Ordinary Munich residents stopped. They shook hands with the activists. They photographed the giant inflatable figures. The mood on the street was not the careful, calibrated one being assembled inside the venue. It was something far more raw, more impatient, and entirely uninterested in diplomatic nuance. Inside the conference its own chosen 2026 motto was Under Destruction. Outside, at least, folks were not being subtle about who they thought were doing the destroying.

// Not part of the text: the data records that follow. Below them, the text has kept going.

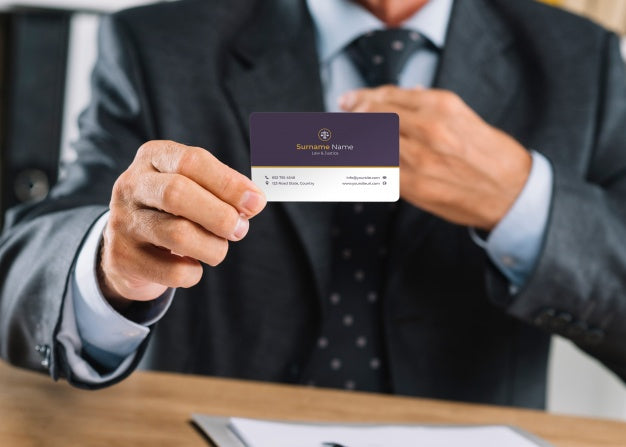 Elegant Businessman Presenting Business Card Mocku Psd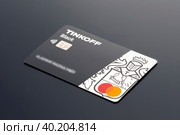 Tinkoff Bank plastic credit debit card close-up on black background. krasnoyarsk, russia, 2022 09 26. Редакционное фото, фотограф Владимир Разгуляев / Фотобанк Лори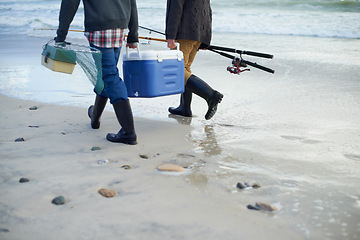 Image showing Closeup, walking and beach with fishermen, cooler box and activity with equipment or weekend break. People, ocean or friends with tools for hobby or early overcast morning with waves, sand or seaside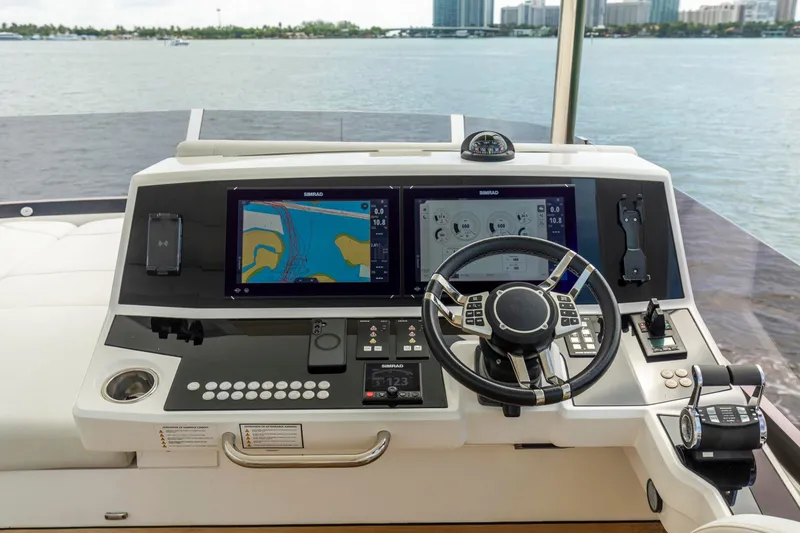 Slide: The Image of Helm of 2021 Sunseeker Manhattan 68 yacht with navigation screens and controls. - 76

Inside though, many European leaders were quietly congratulating themselves. After a year of being publicly lectured and threatened by Washington, many felt they had finally begun to find their footing. The Greenland crisis had produced, unexpectedly, a moment of collective European solidarity. Or at least they thought it had. The question was whether that solidarity would survive contact with the man who had landed in Munich.
Then came Marco Rubio.
What did Marco Rubio Really Say To Europe?
The U.S. Secretary of State arrived on February 14 with a softer touch than JD Vance had managed a year earlier. But the premise of his speech was a familiar one to anyone who has grown up in a country, once on the receiving end of Western civilisation’s expansion. For five centuries, Rubio told the assembled leaders, the West had been “expanding.” He proudly talked about its “missionaries, its pilgrims, its soldiers, its explorers pouring out from its shores to cross oceans, settle new continents, build vast empires extending out across the globe.” Then, without flinching, he had the audacity to lament how the “great Western empires had entered into terminal decline, accelerated by godless communist revolutions and by anti-colonial uprisings that would transform the world.”
My grandfather spent years in and out of British prisons in India, fighting for the freedom of the press and his country. He was one of those uprisings. And the U.S. Secretary of State, speaking from the official State Department transcript, had just described his struggle. And the struggles of every colonised person who has ever demanded their freedom, as a cause of Western civilisational decline.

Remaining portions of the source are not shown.